I am hoping for arguments less opinions.

Johan
consider this possibility... you are starting out with a false assumption and then trying to build on that.

First: Your assumption is that "water" will put out a fire due to oxygen isolation and temperature reduction(this is why water is great are putting out almost everything else that is "burning" (oxidation))...this is wrong for the lifepo4 chemistry.
neither oxygen nor external high temperature are needed once the runaway has started

second: Your assumption from tesla/others to use "water" on lithium battery fires is to put it out...this is wrong for life4 chemistry, they are NOT trying to put it out.
The battery discharge is self sustaining once you have reached the point of mechanical failure and internal shorting; water does nothing to stop that. The reason tesla recommends water, and a LOT of water, is just to contain the reaction and not allow it to spread...and by water they mean an insane amount of water, thousands of gallons. It does not stop the failed battery from the runaway reaction which will run until it is spent, anything touching that battery will go up as well.
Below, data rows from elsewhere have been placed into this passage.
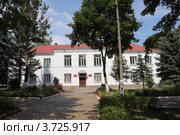 Здание местной администрации, Струнино, Владимирская область (2012 год). Редакционное фото, фотограф Юлия Кузнецова / Фотобанк Лори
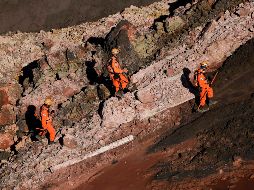Las labores de rescate se prolongarán durante la noche, ya que los bomberos encontraron un autobús con posibles víctimas en su interior. AFP / D. Magno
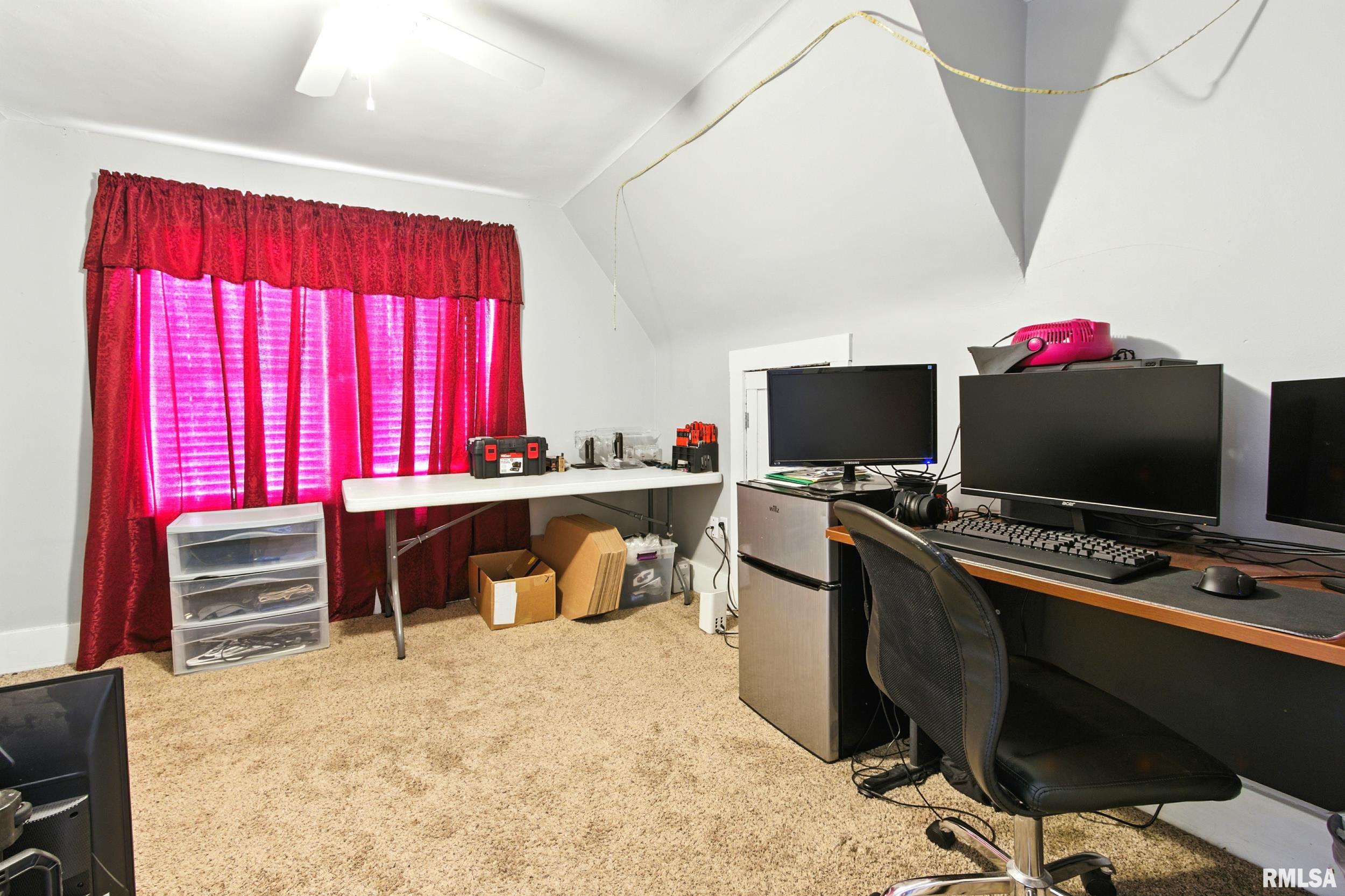 725 North Mechanic Street Macomb, IL 61455 - Photo 15 of 50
My lithium batteries are on a cart (harbor freight steel hand cart!) and in the event of a runaway it is unplugged and rolled outside...
 
diy,

Your assumption about my perceived assumptions is not correct. I do not assume anything more then that profesionals have put a lot of thought and experiments in problems with lithium batteries.
I did not state that they were putting fires out with water, only that they used water on smoking and burning vehicles and that only to fend of someones opinion that water and lithium batteries would end up in a catastrophe.

I realize that often people do not want to take the time to get the whole gist of the thread and just jump in.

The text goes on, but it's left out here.